Je la regardai par-dessus mon épaule. Elle était très grave.
‒ Non. Pas toujours.
‒ Qu’est-ce que tu fais alors ?
‒ La même chose que si je dormais. Je rêve, je fume la pipe, j’écris.
‒ Tu écris des mots comme moi ?
‒ Oui, tout à fait comme toi. »

« [je] me mis à filtrer le temps. Que faire d’autre, une fois encore, sinon remettre au creuset la masse du passé pour l’exposer de nouveau au feu de l’imagination. »

Une statue non académique incarne la marche (et fait penser à Giacometti) :
« C’était un homme qui marchait, mais sans bras ni tête, réduit, et je devrais peut-être mieux dire exalté, à la marche même. Il était d’une stature gigantesque, me dépassant d’au moins deux têtes, tout incomplet qu’il fût. Ses jambes étaient à la fois puissantes et lasses de toutes les routes parcourues, et surtout, me sembla-t-il, de toutes celles qui s’ouvraient. La poitrine était offerte avec une renversante franchise, le dos creusé d’abîmes – tous les efforts grands et vides d’un homme debout y étaient lisibles. »

Non finito ou esthétique de l'inachevé (volontairement ou non) chez Michel-Ange (ses Esclaves) et Auguste Rodin qui s’en inspire, êtres se dégageant partiellement de la matière :
« Douze blocs énormes, écrasants, et prise dans chacun une figure humaine, à des degrés d’ébauche divers, qui se convulsait et dont on ne savait si elle s’efforçait d’échapper à la pierre ou de s’y enfouir à nouveau. On eût dit que la pierre avait voulu figurer aux yeux des hommes par quels spasmes elle devait passer pour se modeler statue. Certains voulurent y voir des esclaves enchaînés, ils pensaient trop vite, je le crains, au titre sous lequel ils eussent vendu les statues si celles-ci étaient parvenues à une maturité dégagée de cette part de pierre brute. Pour moi, j’y voyais la concrétion de toutes les passions humaines, cette façon que nous avons d’être mi-partie dehors, mi-partie dedans les choses. Notre engagement à la terre. »

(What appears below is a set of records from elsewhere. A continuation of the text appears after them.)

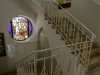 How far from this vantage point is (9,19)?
4.00m

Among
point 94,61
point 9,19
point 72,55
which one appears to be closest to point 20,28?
point 9,19

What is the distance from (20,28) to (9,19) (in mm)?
897

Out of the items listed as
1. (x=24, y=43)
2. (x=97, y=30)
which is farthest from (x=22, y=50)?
(x=97, y=30)

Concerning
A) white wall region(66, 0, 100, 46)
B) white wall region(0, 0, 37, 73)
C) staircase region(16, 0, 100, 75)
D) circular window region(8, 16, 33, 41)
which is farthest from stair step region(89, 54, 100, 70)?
circular window region(8, 16, 33, 41)

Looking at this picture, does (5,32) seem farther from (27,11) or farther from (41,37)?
(41,37)

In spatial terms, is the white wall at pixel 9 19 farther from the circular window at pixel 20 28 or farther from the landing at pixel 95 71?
the landing at pixel 95 71

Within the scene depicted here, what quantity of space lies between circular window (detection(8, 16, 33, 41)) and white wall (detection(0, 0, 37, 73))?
429mm

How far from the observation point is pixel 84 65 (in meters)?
2.31

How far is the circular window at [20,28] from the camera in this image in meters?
4.57

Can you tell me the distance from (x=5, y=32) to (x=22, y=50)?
4.12 ft

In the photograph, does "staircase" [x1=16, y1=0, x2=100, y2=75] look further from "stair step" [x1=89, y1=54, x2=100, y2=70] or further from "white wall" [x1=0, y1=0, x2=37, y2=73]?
"white wall" [x1=0, y1=0, x2=37, y2=73]

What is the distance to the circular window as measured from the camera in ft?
15.0

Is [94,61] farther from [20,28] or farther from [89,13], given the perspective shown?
[20,28]

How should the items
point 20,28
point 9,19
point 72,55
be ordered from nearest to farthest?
point 72,55, point 9,19, point 20,28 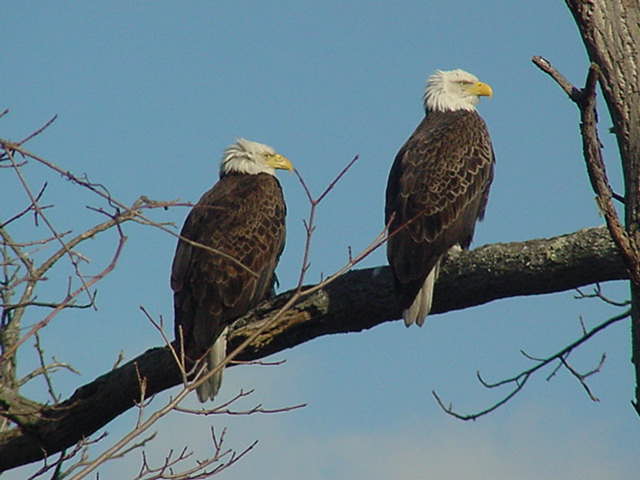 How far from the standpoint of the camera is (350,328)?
5.61m

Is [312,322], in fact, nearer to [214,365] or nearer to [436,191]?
[214,365]

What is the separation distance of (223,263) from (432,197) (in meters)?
1.25

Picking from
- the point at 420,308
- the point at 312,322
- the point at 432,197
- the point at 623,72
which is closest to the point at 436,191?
the point at 432,197

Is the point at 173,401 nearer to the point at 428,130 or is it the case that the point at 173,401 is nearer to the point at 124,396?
the point at 124,396

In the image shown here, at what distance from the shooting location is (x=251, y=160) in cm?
783

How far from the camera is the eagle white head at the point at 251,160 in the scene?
7801mm

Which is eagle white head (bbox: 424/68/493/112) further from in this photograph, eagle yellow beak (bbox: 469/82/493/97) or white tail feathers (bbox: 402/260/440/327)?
white tail feathers (bbox: 402/260/440/327)

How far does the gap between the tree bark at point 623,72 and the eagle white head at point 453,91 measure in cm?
460

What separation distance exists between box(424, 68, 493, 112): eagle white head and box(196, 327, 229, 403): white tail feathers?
8.26 feet

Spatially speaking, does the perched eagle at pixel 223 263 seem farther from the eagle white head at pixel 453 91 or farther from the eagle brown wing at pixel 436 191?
the eagle white head at pixel 453 91

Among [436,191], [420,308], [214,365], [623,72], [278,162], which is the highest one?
[278,162]

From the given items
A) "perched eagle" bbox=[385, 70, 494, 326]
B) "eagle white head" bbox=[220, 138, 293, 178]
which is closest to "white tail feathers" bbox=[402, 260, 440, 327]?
"perched eagle" bbox=[385, 70, 494, 326]

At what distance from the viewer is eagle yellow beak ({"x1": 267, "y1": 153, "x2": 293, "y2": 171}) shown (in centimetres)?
790

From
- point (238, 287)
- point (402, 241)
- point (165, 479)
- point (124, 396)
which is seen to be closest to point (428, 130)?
point (402, 241) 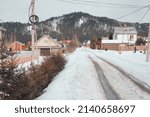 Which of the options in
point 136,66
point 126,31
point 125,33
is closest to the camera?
point 136,66

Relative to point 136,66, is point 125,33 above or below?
above

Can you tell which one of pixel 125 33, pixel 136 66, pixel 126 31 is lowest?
pixel 136 66

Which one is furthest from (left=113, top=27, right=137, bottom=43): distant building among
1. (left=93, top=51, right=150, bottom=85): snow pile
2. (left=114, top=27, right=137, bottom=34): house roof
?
(left=93, top=51, right=150, bottom=85): snow pile

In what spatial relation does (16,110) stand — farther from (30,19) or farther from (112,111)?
(30,19)

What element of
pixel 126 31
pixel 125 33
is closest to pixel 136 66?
pixel 126 31

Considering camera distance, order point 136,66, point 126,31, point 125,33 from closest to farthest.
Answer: point 136,66 → point 126,31 → point 125,33

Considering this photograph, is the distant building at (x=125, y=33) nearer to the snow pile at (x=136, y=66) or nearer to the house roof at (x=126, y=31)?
the house roof at (x=126, y=31)

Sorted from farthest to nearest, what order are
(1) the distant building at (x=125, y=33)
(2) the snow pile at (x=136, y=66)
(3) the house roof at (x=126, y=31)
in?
(1) the distant building at (x=125, y=33) < (3) the house roof at (x=126, y=31) < (2) the snow pile at (x=136, y=66)

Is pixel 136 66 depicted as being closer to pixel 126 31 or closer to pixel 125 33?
pixel 126 31

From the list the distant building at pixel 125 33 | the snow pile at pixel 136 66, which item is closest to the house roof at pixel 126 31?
the distant building at pixel 125 33

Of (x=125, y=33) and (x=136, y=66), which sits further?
(x=125, y=33)

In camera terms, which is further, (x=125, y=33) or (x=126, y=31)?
(x=125, y=33)

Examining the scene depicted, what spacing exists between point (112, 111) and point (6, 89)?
4.82 m

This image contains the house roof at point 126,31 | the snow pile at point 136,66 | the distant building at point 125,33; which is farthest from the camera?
the distant building at point 125,33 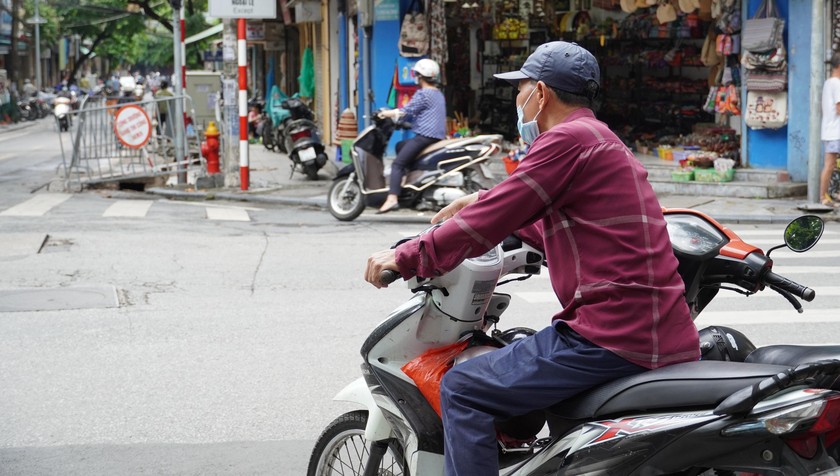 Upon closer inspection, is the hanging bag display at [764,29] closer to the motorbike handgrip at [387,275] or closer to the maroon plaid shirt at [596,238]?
the maroon plaid shirt at [596,238]

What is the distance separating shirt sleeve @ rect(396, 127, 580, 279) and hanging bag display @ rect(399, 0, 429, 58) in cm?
1486

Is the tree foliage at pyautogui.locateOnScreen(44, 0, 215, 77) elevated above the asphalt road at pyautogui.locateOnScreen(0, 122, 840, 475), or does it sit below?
above

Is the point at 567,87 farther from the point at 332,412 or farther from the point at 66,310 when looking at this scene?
the point at 66,310

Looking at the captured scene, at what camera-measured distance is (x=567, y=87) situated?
131 inches

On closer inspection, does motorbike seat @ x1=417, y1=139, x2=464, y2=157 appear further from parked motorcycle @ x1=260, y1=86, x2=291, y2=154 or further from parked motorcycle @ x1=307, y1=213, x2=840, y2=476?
parked motorcycle @ x1=260, y1=86, x2=291, y2=154

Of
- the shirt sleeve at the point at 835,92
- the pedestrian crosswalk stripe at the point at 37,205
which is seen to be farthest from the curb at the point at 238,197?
the shirt sleeve at the point at 835,92

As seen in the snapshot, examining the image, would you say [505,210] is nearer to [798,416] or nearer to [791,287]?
[798,416]

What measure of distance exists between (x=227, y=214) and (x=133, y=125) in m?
3.38

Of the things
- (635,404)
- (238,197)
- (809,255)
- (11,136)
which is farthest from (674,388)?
(11,136)

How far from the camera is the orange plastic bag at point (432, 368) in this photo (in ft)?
11.3

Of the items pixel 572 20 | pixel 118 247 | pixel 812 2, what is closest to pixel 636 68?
pixel 572 20

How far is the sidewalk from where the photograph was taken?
1320 centimetres

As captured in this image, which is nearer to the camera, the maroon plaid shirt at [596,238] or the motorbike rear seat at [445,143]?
the maroon plaid shirt at [596,238]

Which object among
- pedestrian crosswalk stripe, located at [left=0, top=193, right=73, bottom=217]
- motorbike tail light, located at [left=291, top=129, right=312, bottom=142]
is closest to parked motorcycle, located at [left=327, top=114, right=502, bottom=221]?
pedestrian crosswalk stripe, located at [left=0, top=193, right=73, bottom=217] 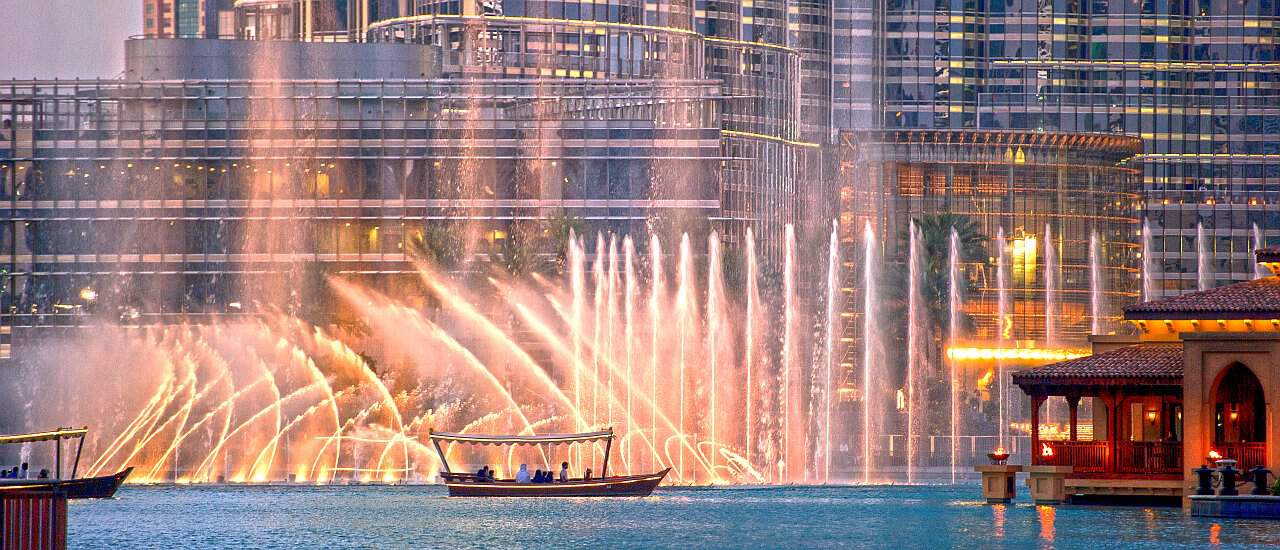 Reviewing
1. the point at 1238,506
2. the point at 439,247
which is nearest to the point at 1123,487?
the point at 1238,506

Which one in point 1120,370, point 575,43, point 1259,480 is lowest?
point 1259,480

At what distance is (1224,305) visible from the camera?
6794 centimetres

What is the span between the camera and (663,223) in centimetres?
13688

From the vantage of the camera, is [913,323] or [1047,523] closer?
[1047,523]

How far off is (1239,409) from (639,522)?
17.7 m

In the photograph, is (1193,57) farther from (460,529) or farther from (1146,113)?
(460,529)

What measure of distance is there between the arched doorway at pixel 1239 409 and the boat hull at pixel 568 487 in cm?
2228

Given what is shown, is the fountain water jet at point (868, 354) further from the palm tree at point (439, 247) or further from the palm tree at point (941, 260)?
the palm tree at point (439, 247)

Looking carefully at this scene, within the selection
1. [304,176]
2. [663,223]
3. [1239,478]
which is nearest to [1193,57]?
[663,223]

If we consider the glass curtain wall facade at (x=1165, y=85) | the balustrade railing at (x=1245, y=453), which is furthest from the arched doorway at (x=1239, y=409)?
the glass curtain wall facade at (x=1165, y=85)

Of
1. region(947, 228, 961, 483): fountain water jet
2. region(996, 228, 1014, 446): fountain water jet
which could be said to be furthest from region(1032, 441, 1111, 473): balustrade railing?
region(996, 228, 1014, 446): fountain water jet

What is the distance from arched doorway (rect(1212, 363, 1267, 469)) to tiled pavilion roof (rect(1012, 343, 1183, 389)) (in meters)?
1.39

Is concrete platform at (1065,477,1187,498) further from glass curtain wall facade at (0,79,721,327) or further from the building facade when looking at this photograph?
glass curtain wall facade at (0,79,721,327)

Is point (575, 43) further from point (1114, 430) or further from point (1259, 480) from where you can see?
point (1259, 480) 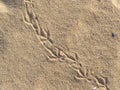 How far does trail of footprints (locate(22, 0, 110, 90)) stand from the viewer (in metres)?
2.65

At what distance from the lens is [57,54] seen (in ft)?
8.75

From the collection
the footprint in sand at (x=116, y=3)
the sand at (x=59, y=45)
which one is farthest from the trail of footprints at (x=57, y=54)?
the footprint in sand at (x=116, y=3)

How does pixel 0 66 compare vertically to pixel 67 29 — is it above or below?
below

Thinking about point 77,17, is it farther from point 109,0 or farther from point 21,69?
point 21,69

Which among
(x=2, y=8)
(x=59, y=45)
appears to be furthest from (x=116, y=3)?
(x=2, y=8)

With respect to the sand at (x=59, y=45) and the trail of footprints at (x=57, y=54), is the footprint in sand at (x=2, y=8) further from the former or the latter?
the trail of footprints at (x=57, y=54)

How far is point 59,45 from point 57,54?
0.34 ft

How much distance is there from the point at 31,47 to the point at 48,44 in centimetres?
19

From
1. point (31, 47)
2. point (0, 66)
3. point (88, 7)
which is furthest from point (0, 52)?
point (88, 7)

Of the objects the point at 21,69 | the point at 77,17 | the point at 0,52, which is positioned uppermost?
the point at 77,17

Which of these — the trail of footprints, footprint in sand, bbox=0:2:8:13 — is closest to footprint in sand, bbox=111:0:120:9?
the trail of footprints

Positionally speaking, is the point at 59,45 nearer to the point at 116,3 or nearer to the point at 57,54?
the point at 57,54

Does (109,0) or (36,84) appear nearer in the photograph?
(36,84)

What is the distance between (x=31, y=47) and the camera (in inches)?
103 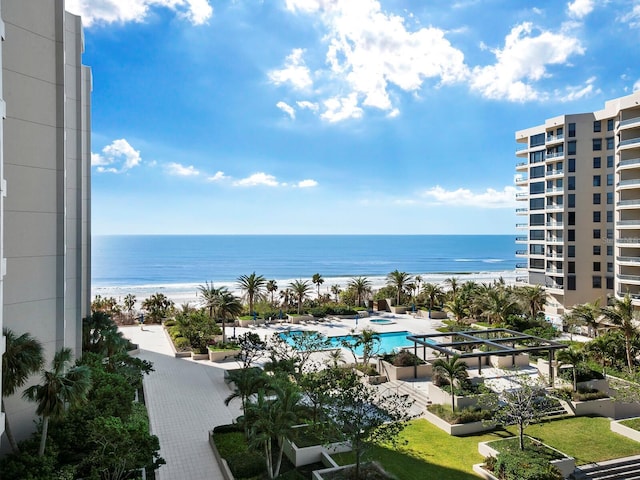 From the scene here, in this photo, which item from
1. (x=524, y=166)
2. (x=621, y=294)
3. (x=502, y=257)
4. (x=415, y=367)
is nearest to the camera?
(x=415, y=367)

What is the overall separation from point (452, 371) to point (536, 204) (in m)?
36.6

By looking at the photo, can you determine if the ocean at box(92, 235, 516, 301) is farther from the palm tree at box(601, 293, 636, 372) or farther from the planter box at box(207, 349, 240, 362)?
the palm tree at box(601, 293, 636, 372)

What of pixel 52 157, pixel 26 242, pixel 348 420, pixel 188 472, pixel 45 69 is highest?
pixel 45 69

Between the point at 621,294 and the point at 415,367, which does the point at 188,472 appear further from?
the point at 621,294

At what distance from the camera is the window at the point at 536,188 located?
50.7 meters

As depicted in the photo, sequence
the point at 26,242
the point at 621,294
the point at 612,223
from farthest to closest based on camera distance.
Result: the point at 612,223, the point at 621,294, the point at 26,242

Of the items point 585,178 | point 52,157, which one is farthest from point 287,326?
point 585,178

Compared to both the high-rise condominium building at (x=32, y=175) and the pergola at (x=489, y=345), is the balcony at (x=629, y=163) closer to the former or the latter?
the pergola at (x=489, y=345)

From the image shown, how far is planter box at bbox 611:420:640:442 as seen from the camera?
1898cm

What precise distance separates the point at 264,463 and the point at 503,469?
8.25 metres

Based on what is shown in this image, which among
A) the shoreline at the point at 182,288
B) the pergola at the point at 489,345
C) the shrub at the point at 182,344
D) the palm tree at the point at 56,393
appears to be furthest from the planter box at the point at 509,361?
the shoreline at the point at 182,288

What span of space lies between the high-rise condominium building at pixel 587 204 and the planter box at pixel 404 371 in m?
23.9

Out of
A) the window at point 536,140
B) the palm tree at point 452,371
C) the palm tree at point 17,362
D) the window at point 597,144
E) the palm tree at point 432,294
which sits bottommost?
the palm tree at point 452,371

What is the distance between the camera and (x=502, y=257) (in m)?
172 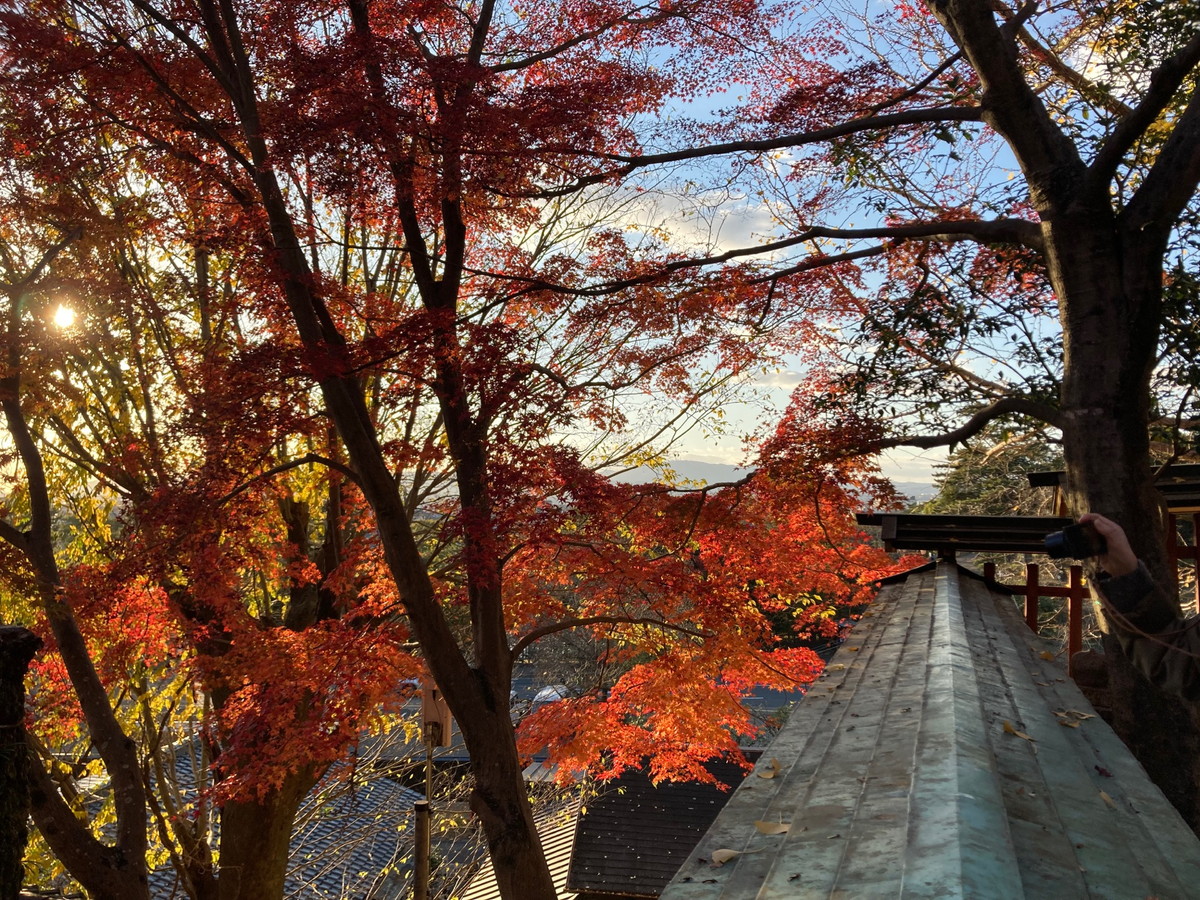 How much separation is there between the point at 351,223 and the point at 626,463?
4307 millimetres

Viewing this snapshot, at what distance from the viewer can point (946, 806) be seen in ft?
5.03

L’invisibilité des femmes qui sont cloîtrées intrique le narrateur, qui s’emploie à découvrir leur rôle :
« Au nombre des activités que, en étranger, j’eusse versées aussi dans le registre des arts, il convient de citer toutes les opérations entraînées dans le sillage de la couture, tous ces gestes qui ourlent ou rapprochent les bords éloignés ou même comblent les creux, les blancs que le regard masculin enjambe et confond dans le vide ou l’absence. Teinture des fibres, des fils et des tissus, broderie comme un chemin vagabond qui engendre son propre paysage [… »

« Pour rendre compte de leur état d’esprit, je dirais qu’ils ne semblaient capables de percevoir une femme que comme attachée à un domaine ou dans le statut de prostituée, et qu’à l’égard de toute autre situation ils souffraient d’une sorte de cécité. Il n’y avait pour eux que deux sortes de femmes, hors de quoi il s’agissait d’un vivant sans lieu et comme inexistant. »

Le voyageur découvre que l’impression de pérennité que donne cette paisible culture n’est que superficielle :
« …] je croyais avoir découvert ici le pays de l’harmonie. J’imaginais chaque domaine stabilisé dans une sorte de permanence heureuse. »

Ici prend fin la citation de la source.